What you should do
Would you reproduce the whole listing exactly, dropping any pictures it holds?

########

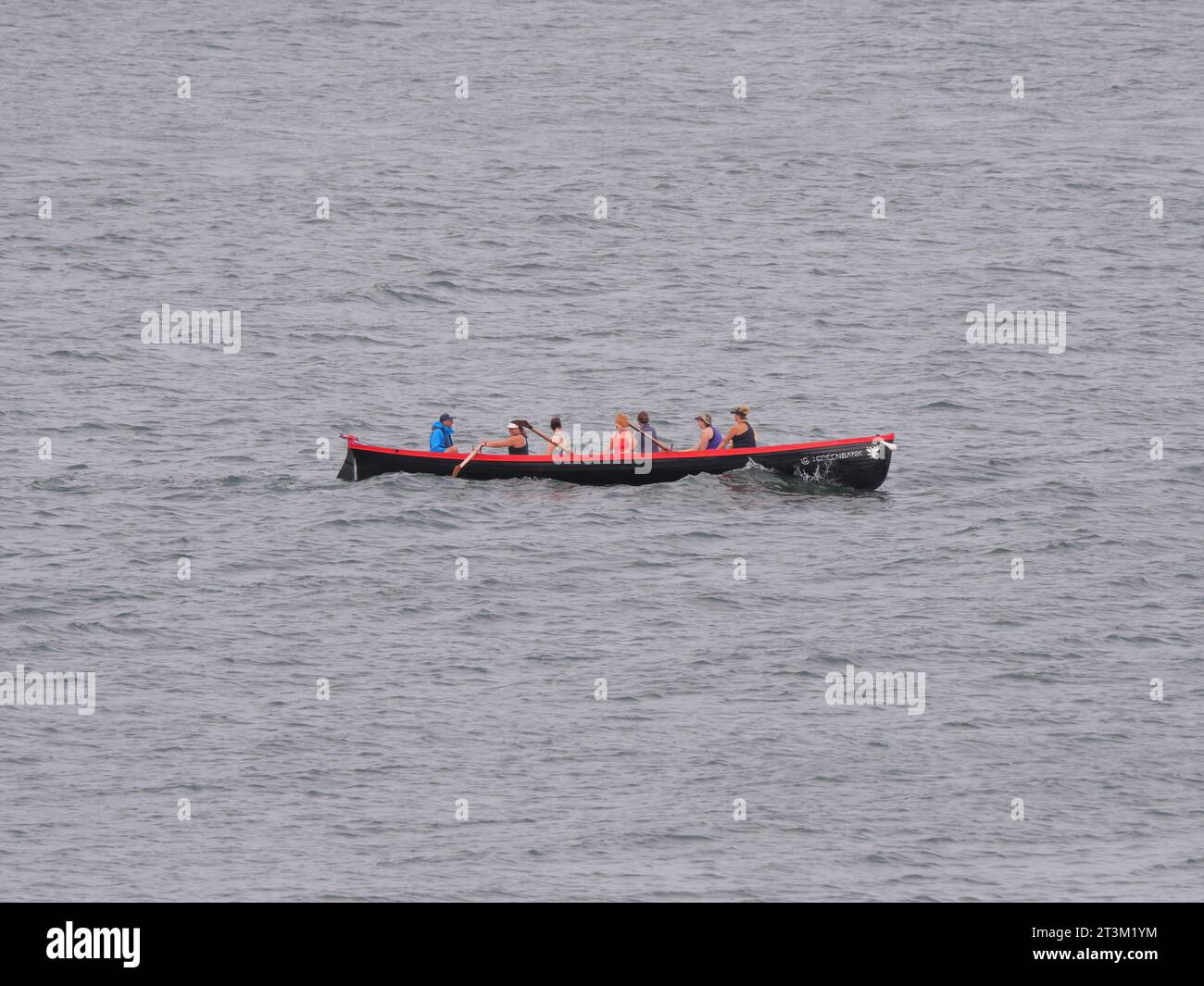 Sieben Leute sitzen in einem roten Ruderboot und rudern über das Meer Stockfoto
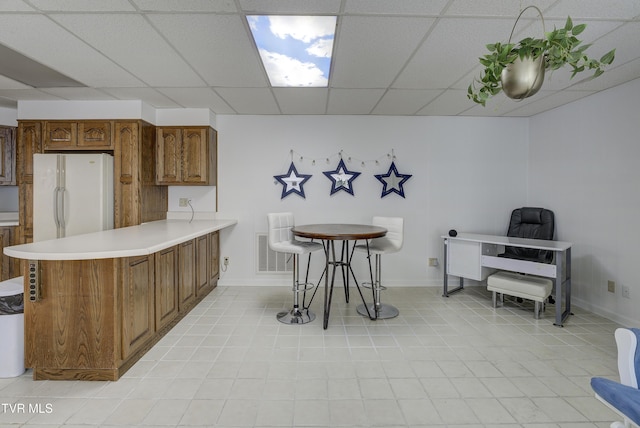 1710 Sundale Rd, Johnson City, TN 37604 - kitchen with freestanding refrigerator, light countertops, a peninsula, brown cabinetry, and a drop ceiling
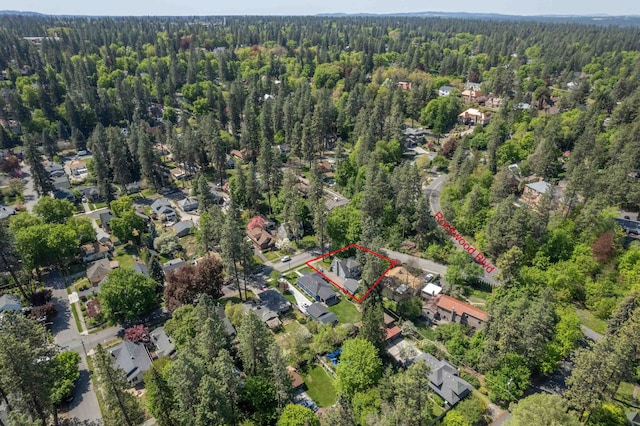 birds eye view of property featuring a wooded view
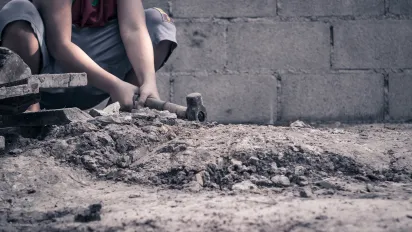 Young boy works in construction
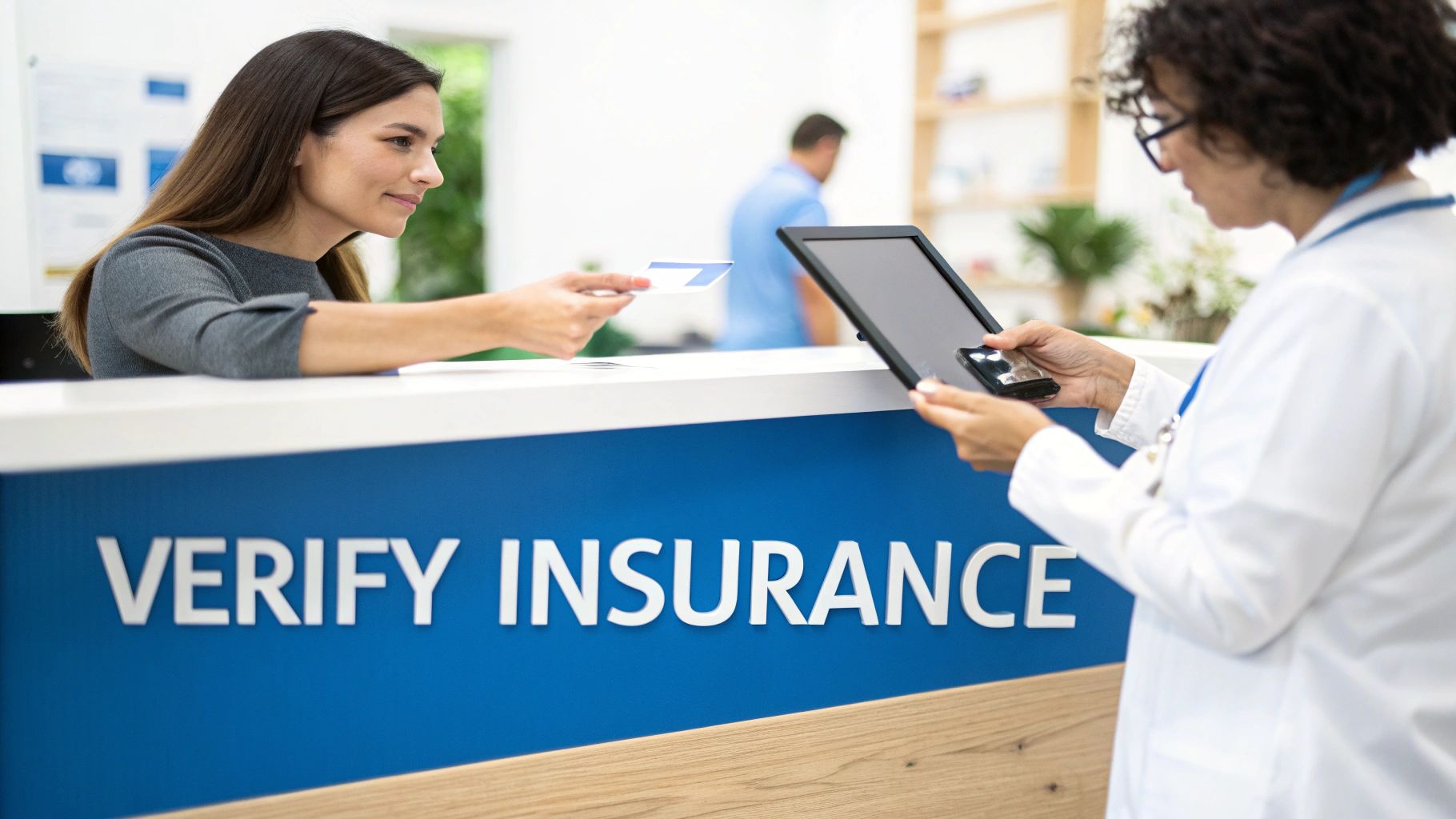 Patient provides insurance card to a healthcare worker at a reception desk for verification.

########

Result of this exercise
 Sieben Leute sitzen in einem roten Ruderboot und rudern über das Meer Stockfoto
 1710 Sundale Rd, Johnson City, TN 37604 - kitchen with freestanding refrigerator, light countertops, a peninsula, brown cabinetry, and a drop ceiling
 birds eye view of property featuring a wooded view
 Young boy works in construction
 Patient provides insurance card to a healthcare worker at a reception desk for verification.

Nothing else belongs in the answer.